NCARB is also granting $20,232.50 to Parsons The New School for Design, School of Constructed Environments, representing the exact amount that the school requested in its proposed budget. The program’s proposal, "Student-Practitioner Partnerships in Building Performance Evaluation," emphasizes the importance of instruction on performance measurement in education on sustainability.
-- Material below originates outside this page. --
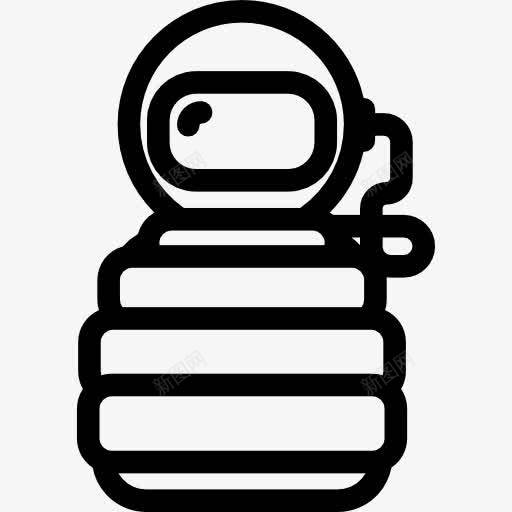 宇航员图标png_新图网 https://ixintu.com 人头像 宇航员 用户配置文件 社会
The program uses new tools to enable students to work with practitioners to analyze the energy performance of actual buildings. "Many of the buildings are LEED or net-zero buildings, and this program will provide us with a cadre of information and data on whether or not these buildings are doing what they are supposed to be doing," Ornelas said in the press release.
To be eligible for NCARB’s award, architecture schools must be located in one of the Council’s 54 Member Board jurisdictions and be a program accredited with the National Architectural Accrediting Board (NAAB) or a candidate for NAAB accreditation. Applicants must submit two letters of commitment confirming the implementation of the proposal if a recipient of the NCARB award: one from the institution and one from a non-faculty architect willing to contribute to the project. Proposals must also include a project summary and a budget.
Since 2001, NCARB has awarded more than $900,000 to 60 schools—more than a third of all NAAB-accredited degree programs.
This year's jury included Wendy Ornelas, FAIA; Michael Archer, Assoc. AIA; Leticia Canon, AIA; John Ehrig, FAIA; Linaea Floden; Emily Forquer; and Stephen Schreiber, FAIA.